Writer and curator Hunt organises a special weekend event comprising of a series of actions, working with artists Blinderman, Eddy, Lees and MacKinven, to create a multi-layered project.
Artist, curator, organiser, publisher, critic, collaborator, facilitator, commissioner. Andrew Hunt (born Luton, 1969, lives in London) has embraced these and many other roles within the contemporary art scene over the past ten years. Reflecting the growing diversity of positions available within contemporary art, Hunt's wide-ranging activities traverse and connect distinct disciplines to bring about new possibilities.
Although initially training in fine art, Hunt has taken up curatorial roles at institutions such as Norwich Gallery – where he worked on the annual EAST event – and he is currently the curator of International Project Space (IPS) in Bournville, Birmingham. A significant addition to art in the Midlands, IPS at Birmingham City University stages solo exhibitions and group shows, while also publishing artists' editions and catalogues. In 2000 Hunt initiated Slimvolume Poster Publication, a non-profit annual publication that invites selected artists to produce editioned posters and prints that are compiled into a single 'volume'. Hunt and the contributors distribute copies to a carefully recruited audience – a grouping of friends, musicians, artists, curators and others, which he terms an "extended family tree". By strategically targeting artists and audiences according to the nature of each publication, Hunt constructs new communities united by receivership, although the methodology of the groupings and the social relations that unite them are not necessarily apparent. The individual volumes can be unbound or preserved in their original formats, and the printed matter generated by the project has been exhibited widely.
Slimvolume was founded to allow contributors to expand their practice within a collaborative context, and to date it has involved commissions by over 150 artists. Although Hunt is the strategist, publisher and distributor of the project, it is because of his multifarious roles – rather than in spite of them – that he can be considered an artist of the most contemporary kind. Echoing Boris Groys' description of the role of the contemporary artist – as simultaneously the analyst, critic and receiver of artwork – Hunt's mutable positions refl ect the heterogeneous production and presentation of art today.

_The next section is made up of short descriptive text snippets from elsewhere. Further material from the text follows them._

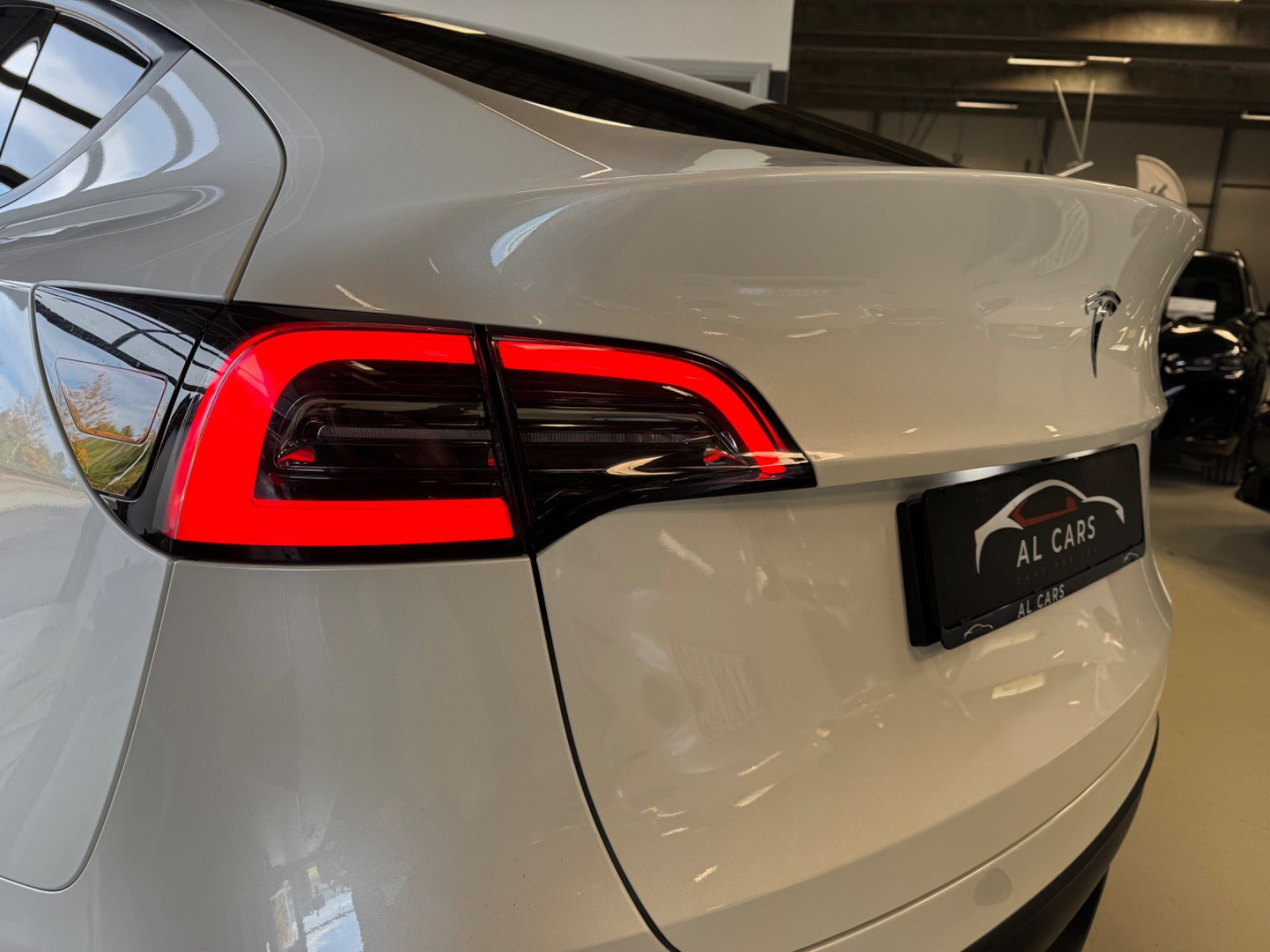 undefined Tesla Model Y fra 2024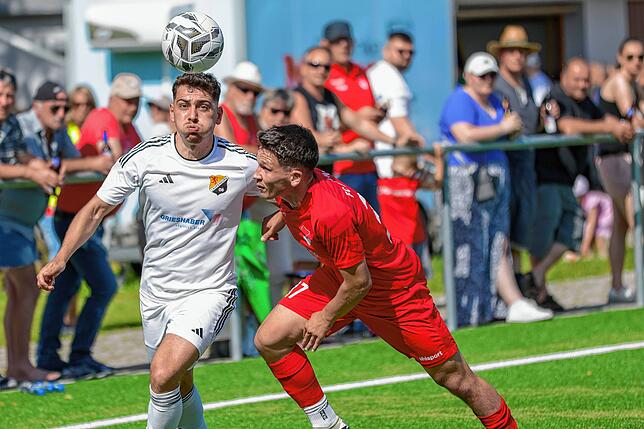 Bild 18: SV 08 Laufenburg siegt 5:2 im ersten Relegationsspiel beim FC Pfaffenweiler – wir haben Fotos!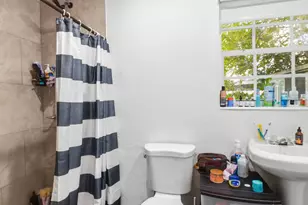 3907 SW 59th Ave, West Park, FL 33023 - Photo 19
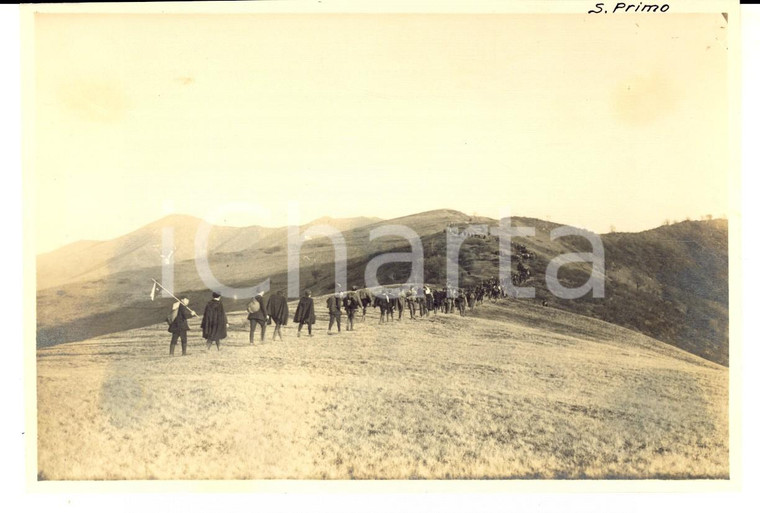 1917 MONTE SAN PRIMO Giovani escursionisti verso la vetta - Foto VINTAGE 16x10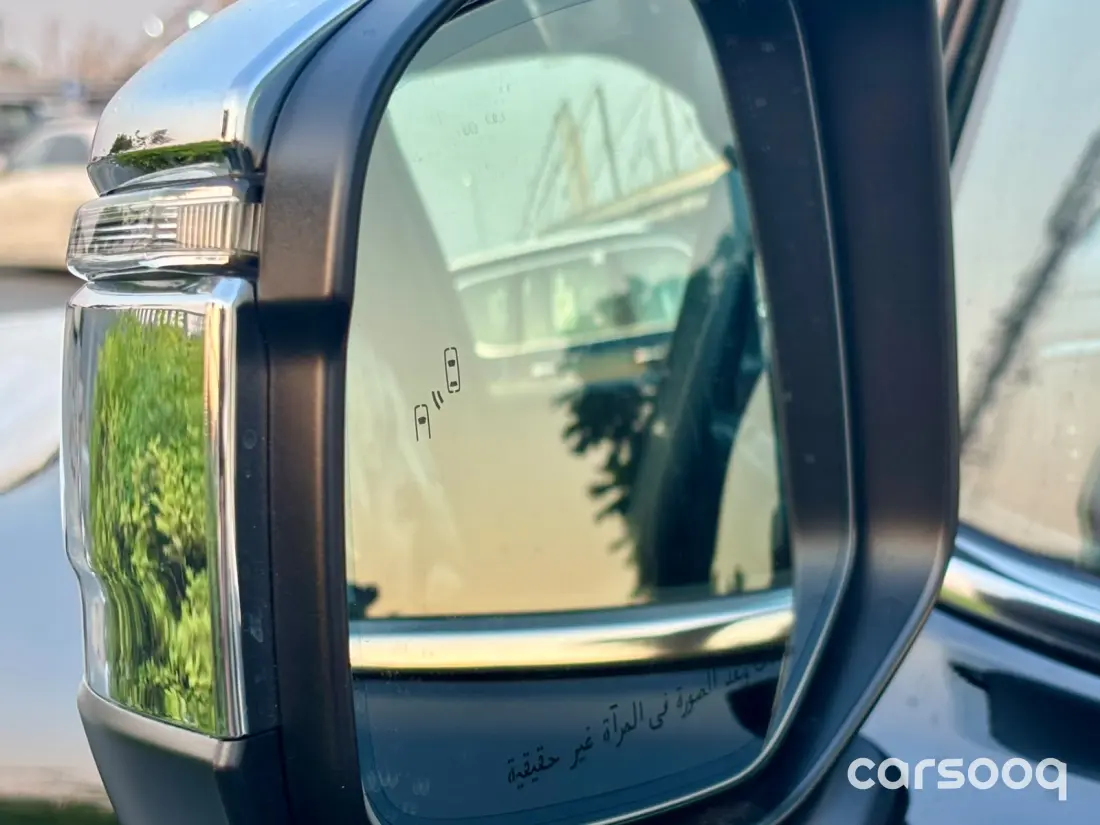 سيارة تويوتا لاند كروزر LC300 موديل 2026 VXR سعة 3.5 لتر V6 هايبرد أسود - Photo 18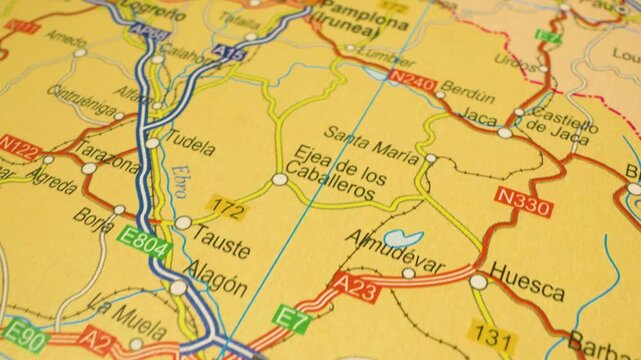 smooth map journey from pamplona to zaragoza in northern spain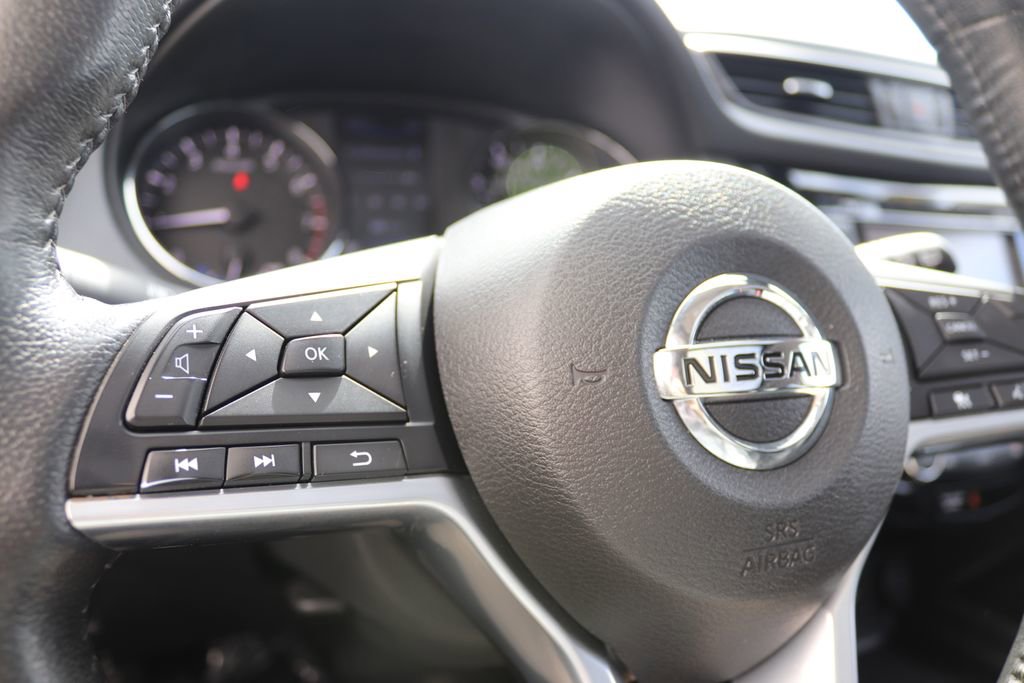 Used 2019 Nissan Rogue SV w/ Premium Package AWD/4WD image 19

For Nought to Sixty Hunt is creating a weekend event (on 12 and 13 July) that includes the work of Jonty Lees, Alastair MacKinven, and Erik Blinderman and Michael Eddy, amalgamating these artists' diverse concerns into an investigation into the nature of performance. The event takes place both inside and outside the ICA, placing an emphasis not only on action but on the deferral of action via photographic and video documentation, installation and text. Hunt and Lees are holding the inaugural meeting of the Artists' Cycling Club, while MacKinven, Eddy and Blinderman are staging a series of displaced performance activites, built up over the 48-hour period. Together, the activities question a number of issues related to performance – including its live/unique attributes, its sites of occurrence and its modes of reception – as well as the role of live events within projects such as Nought to Sixty.